§ DIRECTIONS
For the entries that follow, restate word for word the line containing "Hops and barley", the line containing "We sell the", and every line that lies between them.

^^^^

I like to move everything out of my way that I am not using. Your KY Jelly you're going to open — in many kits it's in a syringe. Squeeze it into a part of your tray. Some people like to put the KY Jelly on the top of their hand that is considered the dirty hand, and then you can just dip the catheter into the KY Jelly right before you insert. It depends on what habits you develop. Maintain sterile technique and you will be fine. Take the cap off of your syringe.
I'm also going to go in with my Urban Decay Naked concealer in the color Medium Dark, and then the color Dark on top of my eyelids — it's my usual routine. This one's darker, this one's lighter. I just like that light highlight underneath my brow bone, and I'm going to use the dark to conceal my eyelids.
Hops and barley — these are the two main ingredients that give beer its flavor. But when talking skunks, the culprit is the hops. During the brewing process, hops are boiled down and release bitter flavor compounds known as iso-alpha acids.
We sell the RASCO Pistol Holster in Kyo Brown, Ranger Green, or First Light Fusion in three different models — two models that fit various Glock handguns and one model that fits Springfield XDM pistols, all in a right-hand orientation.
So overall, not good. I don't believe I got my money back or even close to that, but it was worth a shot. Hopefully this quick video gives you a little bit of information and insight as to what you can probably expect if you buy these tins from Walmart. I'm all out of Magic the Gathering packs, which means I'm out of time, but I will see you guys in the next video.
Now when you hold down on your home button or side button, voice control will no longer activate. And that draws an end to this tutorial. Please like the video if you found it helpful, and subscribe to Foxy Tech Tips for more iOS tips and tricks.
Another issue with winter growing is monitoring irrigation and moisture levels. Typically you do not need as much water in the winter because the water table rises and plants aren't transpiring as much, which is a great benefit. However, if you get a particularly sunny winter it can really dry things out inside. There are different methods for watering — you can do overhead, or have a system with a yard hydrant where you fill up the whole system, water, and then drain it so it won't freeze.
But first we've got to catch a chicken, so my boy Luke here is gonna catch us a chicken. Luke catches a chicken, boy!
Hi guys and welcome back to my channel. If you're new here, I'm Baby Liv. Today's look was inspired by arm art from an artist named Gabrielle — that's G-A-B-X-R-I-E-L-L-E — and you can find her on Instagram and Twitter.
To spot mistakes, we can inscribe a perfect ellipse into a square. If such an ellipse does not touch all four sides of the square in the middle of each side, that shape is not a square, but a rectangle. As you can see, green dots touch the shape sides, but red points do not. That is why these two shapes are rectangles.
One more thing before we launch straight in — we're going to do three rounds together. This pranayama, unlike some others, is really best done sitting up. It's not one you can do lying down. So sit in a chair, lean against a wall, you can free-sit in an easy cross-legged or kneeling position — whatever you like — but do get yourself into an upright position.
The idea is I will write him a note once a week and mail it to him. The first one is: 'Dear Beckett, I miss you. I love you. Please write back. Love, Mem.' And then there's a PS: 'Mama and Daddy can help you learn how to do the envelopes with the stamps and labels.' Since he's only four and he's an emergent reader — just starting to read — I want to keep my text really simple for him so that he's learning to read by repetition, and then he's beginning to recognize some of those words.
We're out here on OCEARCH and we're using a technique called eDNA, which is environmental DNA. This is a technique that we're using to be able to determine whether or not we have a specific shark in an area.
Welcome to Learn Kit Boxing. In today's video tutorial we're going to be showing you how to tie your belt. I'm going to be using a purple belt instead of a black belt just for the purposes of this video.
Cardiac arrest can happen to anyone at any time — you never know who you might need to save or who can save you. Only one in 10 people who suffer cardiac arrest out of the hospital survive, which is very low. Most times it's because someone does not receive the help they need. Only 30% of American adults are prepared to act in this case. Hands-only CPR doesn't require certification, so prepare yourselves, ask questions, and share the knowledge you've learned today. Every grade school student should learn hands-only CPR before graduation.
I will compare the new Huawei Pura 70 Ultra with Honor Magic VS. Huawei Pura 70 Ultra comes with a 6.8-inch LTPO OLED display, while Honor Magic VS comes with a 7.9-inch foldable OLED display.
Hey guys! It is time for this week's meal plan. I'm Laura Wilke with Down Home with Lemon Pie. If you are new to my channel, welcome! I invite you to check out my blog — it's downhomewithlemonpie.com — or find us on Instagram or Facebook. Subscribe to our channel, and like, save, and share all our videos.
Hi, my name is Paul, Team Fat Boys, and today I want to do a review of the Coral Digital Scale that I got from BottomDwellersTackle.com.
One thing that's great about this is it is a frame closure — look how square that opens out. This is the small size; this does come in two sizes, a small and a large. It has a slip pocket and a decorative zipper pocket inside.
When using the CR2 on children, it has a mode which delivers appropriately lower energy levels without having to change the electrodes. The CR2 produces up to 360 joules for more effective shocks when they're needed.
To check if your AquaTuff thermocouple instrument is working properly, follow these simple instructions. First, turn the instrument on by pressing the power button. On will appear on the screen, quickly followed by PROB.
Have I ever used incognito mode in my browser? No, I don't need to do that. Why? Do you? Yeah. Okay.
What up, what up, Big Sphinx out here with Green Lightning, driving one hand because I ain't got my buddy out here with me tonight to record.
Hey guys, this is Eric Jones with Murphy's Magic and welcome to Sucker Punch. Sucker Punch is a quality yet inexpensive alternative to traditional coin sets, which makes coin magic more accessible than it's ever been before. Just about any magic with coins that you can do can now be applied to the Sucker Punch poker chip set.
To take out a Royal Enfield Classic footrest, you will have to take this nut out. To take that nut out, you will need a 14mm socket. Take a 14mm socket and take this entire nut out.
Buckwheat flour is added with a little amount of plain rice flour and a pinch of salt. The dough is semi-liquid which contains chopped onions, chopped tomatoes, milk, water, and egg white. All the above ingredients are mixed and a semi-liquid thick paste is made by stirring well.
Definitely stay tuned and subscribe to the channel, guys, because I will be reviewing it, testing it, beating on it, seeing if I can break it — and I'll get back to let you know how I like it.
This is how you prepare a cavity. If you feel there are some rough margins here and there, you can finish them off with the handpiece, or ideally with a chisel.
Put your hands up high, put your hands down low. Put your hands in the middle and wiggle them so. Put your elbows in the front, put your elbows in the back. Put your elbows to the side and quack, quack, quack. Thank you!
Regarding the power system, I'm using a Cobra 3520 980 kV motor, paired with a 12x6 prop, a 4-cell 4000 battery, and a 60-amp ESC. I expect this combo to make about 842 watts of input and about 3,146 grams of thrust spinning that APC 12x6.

^^^^

§ SOLUTION FOR THIS PROBLEM
Hops and barley — these are the two main ingredients that give beer its flavor. But when talking skunks, the culprit is the hops. During the brewing process, hops are boiled down and release bitter flavor compounds known as iso-alpha acids.
We sell the RASCO Pistol Holster in Kyo Brown, Ranger Green, or First Light Fusion in three different models — two models that fit various Glock handguns and one model that fits Springfield XDM pistols, all in a right-hand orientation.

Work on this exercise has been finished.